19th of March 2025, 3:18 pm
Parliament of Victoria | Legislative Council
David ETTERSHANK (Western Metropolitan)
I rise to make a contribution on this motion from Mr Mulholland. I have been overwhelmed by where this discussion has gone in the last few speeches, to a sort of global organised crime conspiracy, but we will come back to that. As has been alluded to, it has been nine months since the opposition last brought a CFMEU motion into this chamber. In the words of Yogi Bear, I have this feeling of ‘Oh, no, it is deja vu again,’ because it is deja vu again; it is the same stuff that was dragged up in July of last year.
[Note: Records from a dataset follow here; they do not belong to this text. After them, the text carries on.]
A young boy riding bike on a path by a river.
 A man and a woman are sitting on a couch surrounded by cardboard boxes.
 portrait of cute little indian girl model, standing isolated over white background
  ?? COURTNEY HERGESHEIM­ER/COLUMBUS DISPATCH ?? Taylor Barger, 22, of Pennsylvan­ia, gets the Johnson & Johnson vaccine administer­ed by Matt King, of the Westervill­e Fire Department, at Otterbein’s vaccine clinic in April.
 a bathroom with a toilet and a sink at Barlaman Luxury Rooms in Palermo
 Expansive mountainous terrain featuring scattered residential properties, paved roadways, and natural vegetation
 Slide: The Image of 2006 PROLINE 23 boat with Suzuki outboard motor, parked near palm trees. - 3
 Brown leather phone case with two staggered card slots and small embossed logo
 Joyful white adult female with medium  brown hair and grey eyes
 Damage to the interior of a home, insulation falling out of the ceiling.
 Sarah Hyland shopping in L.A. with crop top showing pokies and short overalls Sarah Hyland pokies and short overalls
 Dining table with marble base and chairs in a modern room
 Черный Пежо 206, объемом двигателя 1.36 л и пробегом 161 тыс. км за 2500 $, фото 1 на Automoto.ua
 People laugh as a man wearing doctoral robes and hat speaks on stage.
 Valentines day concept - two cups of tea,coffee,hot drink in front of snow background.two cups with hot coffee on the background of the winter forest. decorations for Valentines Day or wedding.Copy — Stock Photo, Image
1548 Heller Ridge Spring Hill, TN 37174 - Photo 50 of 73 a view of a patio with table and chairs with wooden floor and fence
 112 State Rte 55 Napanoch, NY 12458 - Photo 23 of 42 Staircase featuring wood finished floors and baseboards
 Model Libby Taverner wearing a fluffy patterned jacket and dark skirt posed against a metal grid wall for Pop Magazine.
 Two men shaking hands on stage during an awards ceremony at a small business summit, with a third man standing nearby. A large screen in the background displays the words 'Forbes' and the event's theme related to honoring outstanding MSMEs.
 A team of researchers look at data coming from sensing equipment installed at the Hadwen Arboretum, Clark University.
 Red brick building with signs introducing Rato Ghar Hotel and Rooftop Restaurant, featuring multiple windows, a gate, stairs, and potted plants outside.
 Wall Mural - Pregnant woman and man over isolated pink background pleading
I think we are going to cover much of the same ground, except we now have gone from a royal commission into the construction division of the CFMEU – although they just talk about the CFMEU, which is a much bigger entity, as Mr Batchelor alluded to – to now apparently a royal commission into global organised crime and everything in between.
First and foremost, let us just get to a certain thing that I think we all can agree on: there are deeply, deeply disturbing elements that are correctly identified in this motion that strike to corruption and that strike to violence against women. Both are intolerable. Both are crimes. Both can and should be prosecuted with the full force of the law however and wherever they occur. I think we can all agree on that basic principle, and then probably we go in different directions.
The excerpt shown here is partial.